Showing up day of, will there be enough parking or will I need to add on miles to get there?


----------



## patpend2000

I rode in the gran fondo this year and have signed up again for next year....since it's tax time, I was thinking about the entry fees, how much can be deducted on my taxes?


----------



## ukbloke

patpend2000 said:


> I rode in the gran fondo this year and have signed up again for next year....since it's tax time, I was thinking about the entry fees, how much can be deducted on my taxes?


Zero - Levi's Gran Fondo is not a registered charity (IANAA).


----------



## Pokey

JoelS said:


> I recall reading somewhere that the long ride is about 6000 feet.
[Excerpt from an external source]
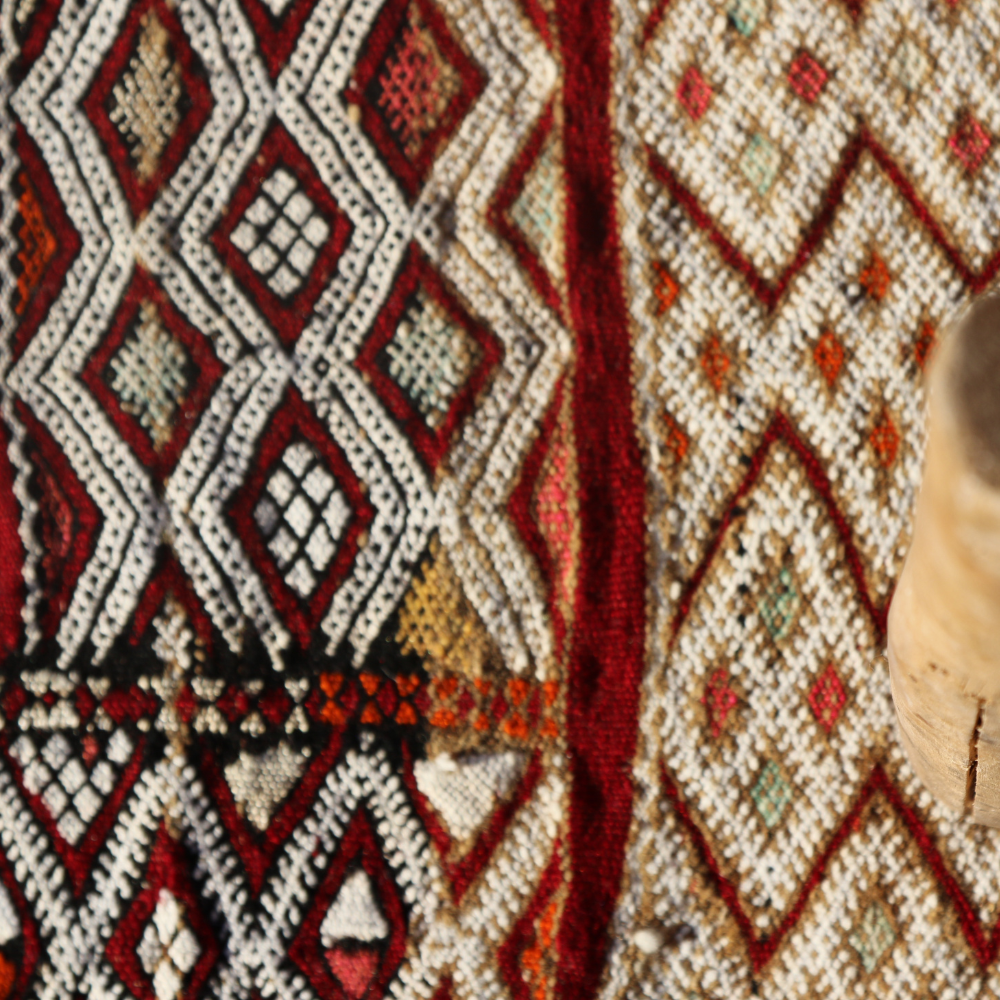 Close-up of Zamour Moroccan rug showcasing intricate geometric Berber weaving and artisan wool texture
For the record, the long route was 8,800 feet cumulative elevation gain. Helluva ride though...


----------



## williamf777

moschika said:


> but if you've got 3000+(which last I heard registration has passed that mark) people on the same roads, that's larger then some of the towns it will be passing through. self-policing in a crowd like that can be effective. yes, they're open roads, but if some d1ckhead wants to poach, after the rest have paid, i wouldn't hesitate to tattle and at least make their ride an unpleasant one, dealing with the hassle of the marshals, if nothing else.


Those are free and public roads. Some people just might happen to be on the same road at the same time. 

Poaching are ride is fine as long as you do not partake in the rest stops and eat the paid riders food and drink. 

I feel that if you do not use any of the amenities provided and do the ride self supported you should be more than welcome to ride.


----------



## sometimerider

williamf777 said:


> I feel that if you do not use any of the amenities provided and do the ride self supported you should be more than welcome to ride.


Agree, but I doubt that I would choose to do it on a day when there are 3000 other riders out there.


----------